▼

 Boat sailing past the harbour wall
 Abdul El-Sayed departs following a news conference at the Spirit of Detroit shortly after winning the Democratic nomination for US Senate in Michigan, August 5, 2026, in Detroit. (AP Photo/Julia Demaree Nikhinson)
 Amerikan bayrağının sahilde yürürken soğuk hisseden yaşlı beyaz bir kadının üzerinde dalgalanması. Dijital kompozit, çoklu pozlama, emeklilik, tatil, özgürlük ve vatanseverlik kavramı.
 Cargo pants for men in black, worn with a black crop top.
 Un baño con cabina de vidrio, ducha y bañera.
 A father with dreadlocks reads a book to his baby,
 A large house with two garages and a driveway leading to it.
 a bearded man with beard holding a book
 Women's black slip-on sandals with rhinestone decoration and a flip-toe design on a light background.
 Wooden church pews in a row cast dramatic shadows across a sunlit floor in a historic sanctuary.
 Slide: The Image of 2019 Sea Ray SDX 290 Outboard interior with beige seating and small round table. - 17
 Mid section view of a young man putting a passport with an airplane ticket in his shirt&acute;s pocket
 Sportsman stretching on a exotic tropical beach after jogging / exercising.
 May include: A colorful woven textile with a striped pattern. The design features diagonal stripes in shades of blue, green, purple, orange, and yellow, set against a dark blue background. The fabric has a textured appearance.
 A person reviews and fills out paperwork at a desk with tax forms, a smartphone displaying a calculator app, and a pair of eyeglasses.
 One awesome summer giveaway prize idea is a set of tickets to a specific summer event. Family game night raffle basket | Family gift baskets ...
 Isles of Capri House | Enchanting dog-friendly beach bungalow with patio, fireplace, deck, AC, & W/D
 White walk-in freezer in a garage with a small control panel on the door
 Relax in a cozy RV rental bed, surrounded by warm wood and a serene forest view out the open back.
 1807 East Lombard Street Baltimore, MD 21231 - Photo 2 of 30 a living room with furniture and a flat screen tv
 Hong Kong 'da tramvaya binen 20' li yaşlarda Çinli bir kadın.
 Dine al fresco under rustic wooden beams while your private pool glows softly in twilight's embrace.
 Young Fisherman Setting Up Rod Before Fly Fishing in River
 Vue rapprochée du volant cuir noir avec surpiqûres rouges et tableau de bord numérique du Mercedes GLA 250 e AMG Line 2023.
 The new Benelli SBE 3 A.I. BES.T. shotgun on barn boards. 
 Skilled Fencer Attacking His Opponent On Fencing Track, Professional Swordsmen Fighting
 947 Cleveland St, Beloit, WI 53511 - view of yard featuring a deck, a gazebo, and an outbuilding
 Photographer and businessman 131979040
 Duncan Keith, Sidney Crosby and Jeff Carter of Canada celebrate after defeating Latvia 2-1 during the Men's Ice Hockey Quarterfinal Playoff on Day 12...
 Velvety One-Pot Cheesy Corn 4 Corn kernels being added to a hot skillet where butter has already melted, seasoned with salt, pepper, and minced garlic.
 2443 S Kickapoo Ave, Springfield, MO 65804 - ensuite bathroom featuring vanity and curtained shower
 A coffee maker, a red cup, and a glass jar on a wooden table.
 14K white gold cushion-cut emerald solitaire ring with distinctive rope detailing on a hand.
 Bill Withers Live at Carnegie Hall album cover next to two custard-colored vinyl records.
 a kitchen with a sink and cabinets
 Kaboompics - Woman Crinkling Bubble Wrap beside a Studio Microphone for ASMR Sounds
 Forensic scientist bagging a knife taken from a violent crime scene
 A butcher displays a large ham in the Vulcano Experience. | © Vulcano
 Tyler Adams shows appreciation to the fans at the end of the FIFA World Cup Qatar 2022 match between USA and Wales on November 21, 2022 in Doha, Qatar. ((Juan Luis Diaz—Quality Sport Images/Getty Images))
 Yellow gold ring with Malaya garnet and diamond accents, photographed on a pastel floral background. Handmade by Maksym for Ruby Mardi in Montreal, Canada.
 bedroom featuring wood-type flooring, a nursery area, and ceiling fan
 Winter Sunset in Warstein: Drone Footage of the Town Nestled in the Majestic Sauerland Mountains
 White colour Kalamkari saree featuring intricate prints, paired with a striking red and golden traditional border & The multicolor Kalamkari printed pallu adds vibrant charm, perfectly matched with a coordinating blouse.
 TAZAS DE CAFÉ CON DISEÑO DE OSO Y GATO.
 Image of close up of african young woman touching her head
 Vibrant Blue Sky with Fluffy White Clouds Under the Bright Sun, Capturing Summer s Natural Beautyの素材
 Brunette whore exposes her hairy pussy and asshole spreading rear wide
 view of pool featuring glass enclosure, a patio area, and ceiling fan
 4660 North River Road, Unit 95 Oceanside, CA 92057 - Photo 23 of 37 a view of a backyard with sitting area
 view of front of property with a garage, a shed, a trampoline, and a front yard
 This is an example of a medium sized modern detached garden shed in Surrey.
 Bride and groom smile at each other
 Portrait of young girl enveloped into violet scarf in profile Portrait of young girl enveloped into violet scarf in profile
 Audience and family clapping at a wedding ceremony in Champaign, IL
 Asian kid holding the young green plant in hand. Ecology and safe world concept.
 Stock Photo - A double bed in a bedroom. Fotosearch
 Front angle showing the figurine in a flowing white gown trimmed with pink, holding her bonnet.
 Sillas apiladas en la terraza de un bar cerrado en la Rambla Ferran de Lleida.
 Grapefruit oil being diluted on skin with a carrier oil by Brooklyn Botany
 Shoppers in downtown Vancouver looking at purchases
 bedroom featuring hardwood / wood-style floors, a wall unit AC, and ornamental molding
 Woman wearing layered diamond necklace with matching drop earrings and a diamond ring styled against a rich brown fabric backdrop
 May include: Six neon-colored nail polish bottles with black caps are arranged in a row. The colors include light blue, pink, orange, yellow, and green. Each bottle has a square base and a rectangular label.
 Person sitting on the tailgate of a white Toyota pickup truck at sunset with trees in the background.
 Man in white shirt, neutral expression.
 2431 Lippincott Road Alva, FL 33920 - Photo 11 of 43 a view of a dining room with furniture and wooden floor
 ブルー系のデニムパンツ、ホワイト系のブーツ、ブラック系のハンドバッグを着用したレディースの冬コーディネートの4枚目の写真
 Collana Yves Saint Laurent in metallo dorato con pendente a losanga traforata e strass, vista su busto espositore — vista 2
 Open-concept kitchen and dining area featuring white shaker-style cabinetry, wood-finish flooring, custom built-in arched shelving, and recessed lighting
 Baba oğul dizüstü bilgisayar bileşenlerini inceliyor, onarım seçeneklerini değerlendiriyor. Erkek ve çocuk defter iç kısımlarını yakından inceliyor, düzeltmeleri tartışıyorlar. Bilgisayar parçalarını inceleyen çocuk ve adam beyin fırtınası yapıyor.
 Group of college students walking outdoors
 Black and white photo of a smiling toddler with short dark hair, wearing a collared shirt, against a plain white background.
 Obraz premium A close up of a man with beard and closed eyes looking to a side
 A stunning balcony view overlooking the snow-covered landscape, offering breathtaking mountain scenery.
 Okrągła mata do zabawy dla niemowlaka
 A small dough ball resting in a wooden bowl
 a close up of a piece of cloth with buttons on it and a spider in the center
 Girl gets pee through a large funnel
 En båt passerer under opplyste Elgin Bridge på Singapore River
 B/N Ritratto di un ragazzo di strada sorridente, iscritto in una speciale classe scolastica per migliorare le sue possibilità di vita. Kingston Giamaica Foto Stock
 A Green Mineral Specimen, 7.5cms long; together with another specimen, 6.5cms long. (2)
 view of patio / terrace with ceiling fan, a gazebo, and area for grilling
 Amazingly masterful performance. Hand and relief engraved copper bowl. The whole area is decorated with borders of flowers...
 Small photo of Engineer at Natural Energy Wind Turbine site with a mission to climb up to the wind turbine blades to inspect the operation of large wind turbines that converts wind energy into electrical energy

▲

● **Task instructions**:
Look over the material above and show each line where "dark" appears.

● **Response to this exercise**:
 May include: A colorful woven textile with a striped pattern. The design features diagonal stripes in shades of blue, green, purple, orange, and yellow, set against a dark blue background. The fabric has a textured appearance.
 Black and white photo of a smiling toddler with short dark hair, wearing a collared shirt, against a plain white background.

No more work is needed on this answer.